## [Assignment]
Give back the full listing verbatim, apart from its images.

--- Input data Enclosed Below ---

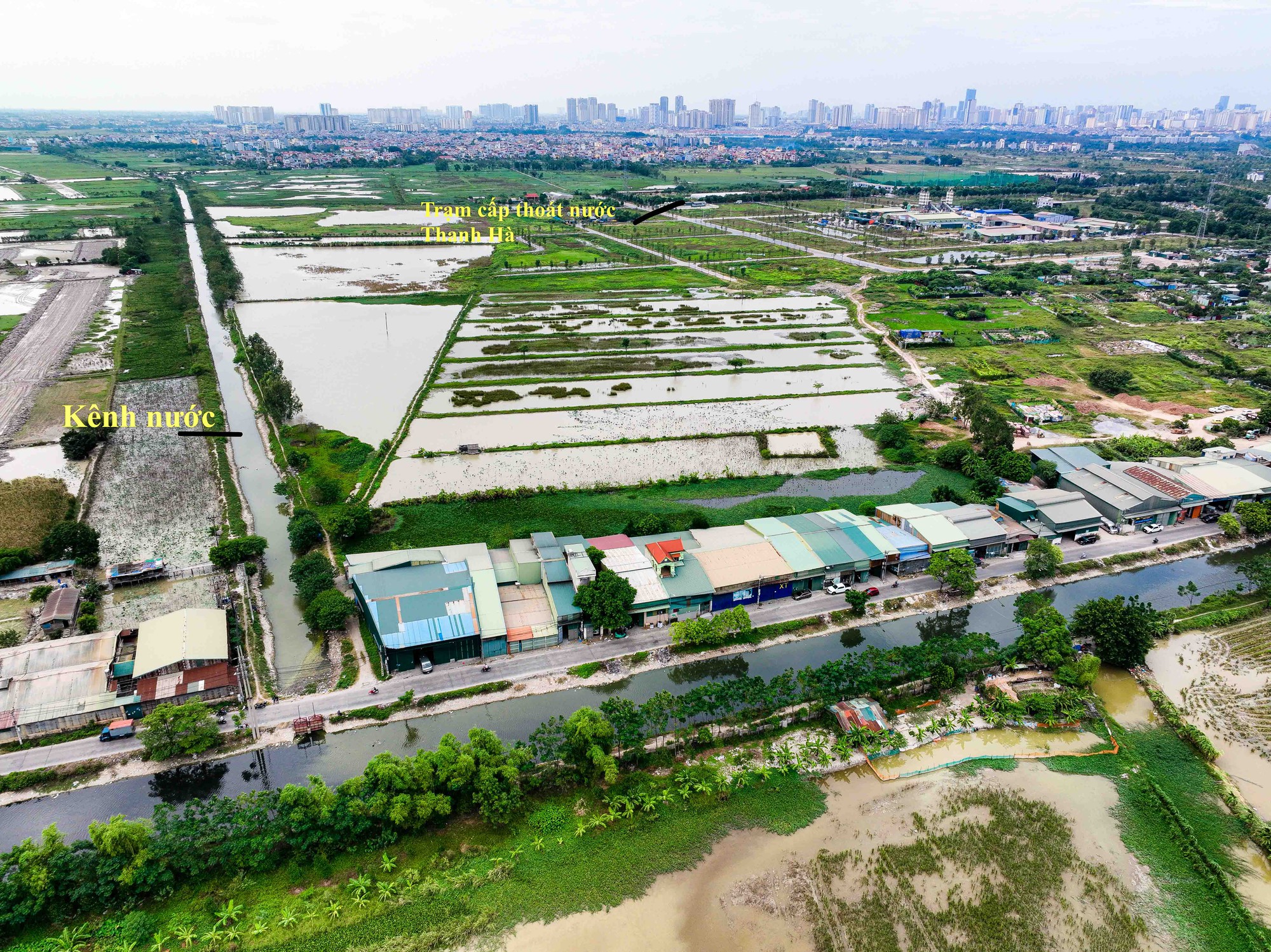 Cận cảnh trạm cấp nước Thanh H&agrave; bị cư d&acirc;n ph&agrave;n n&agrave;n về chất lượng nước - Ảnh 10.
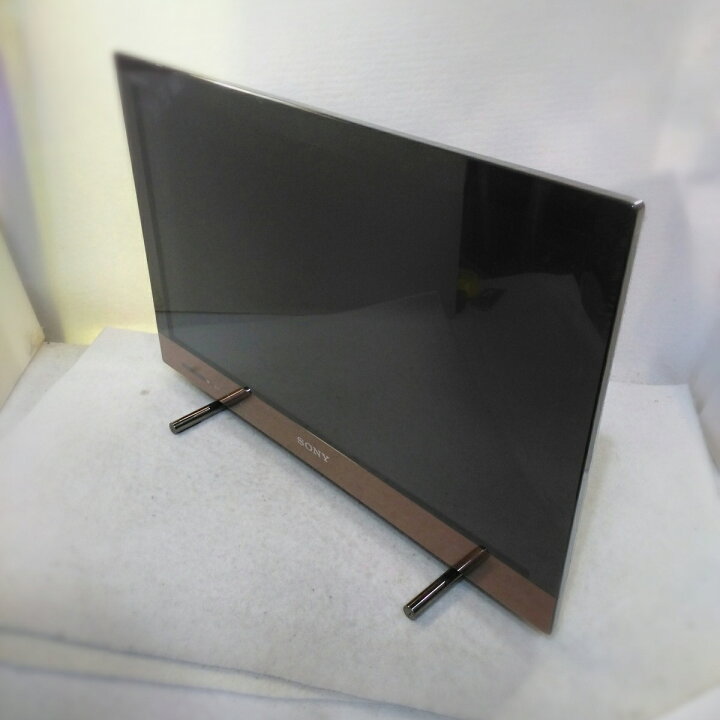楽天市場】【動作確認済】【中古】本体・リモコンのみ SONY 22型 
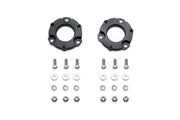 Fabtech 1.5in Leveling System | Chevrolet Colorado 4WD (15-18) (FTL5108) Suspension offroad accessory | Iron Ridge Offroad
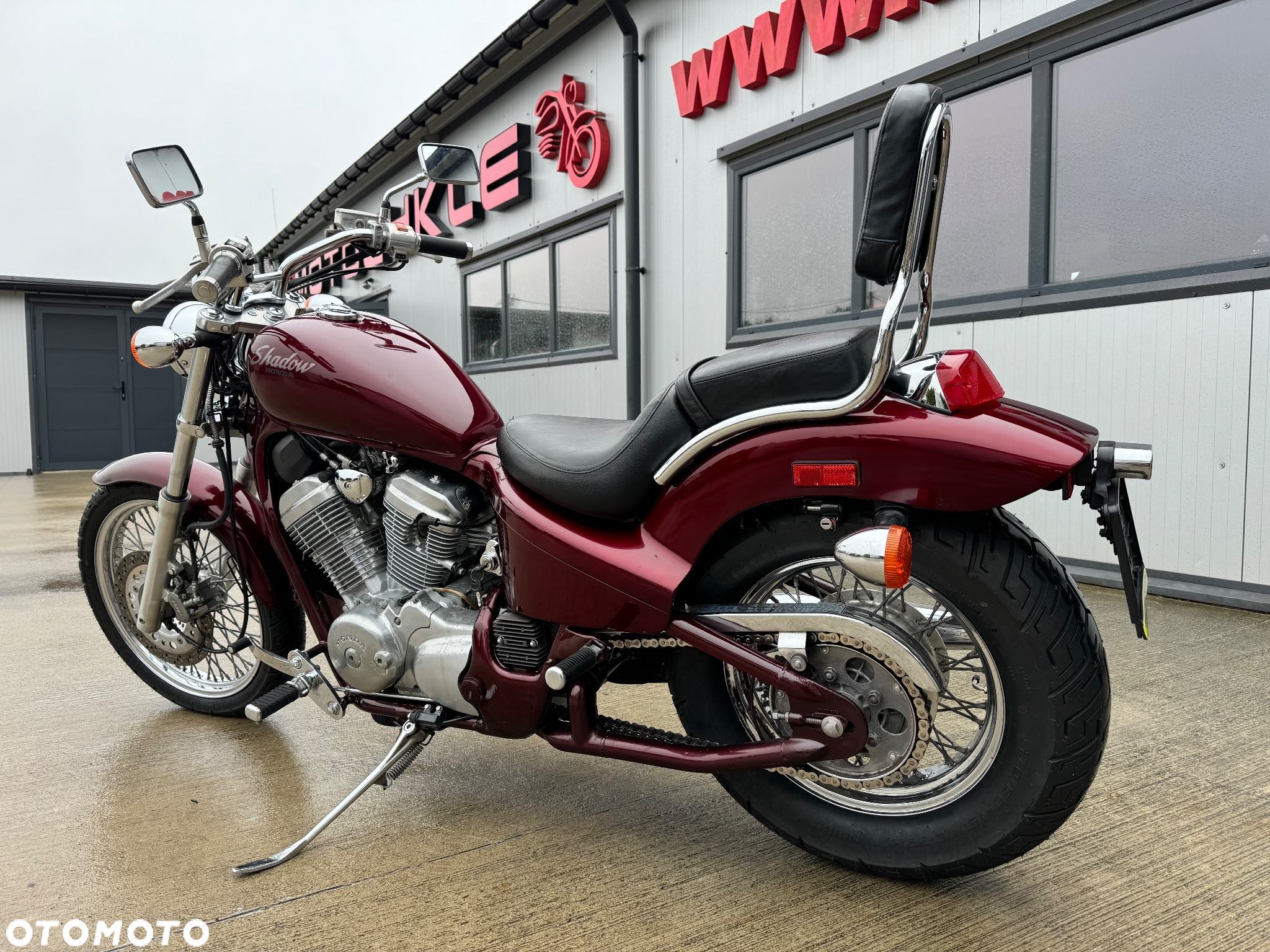 Honda Shadow - 23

--- End of Enclosed Input data ---

## [Answer to the problem]
 Cận cảnh trạm cấp nước Thanh H&agrave; bị cư d&acirc;n ph&agrave;n n&agrave;n về chất lượng nước - Ảnh 10.
楽天市場】【動作確認済】【中古】本体・リモコンのみ SONY 22型 
 Fabtech 1.5in Leveling System | Chevrolet Colorado 4WD (15-18) (FTL5108) Suspension offroad accessory | Iron Ridge Offroad
 Honda Shadow - 23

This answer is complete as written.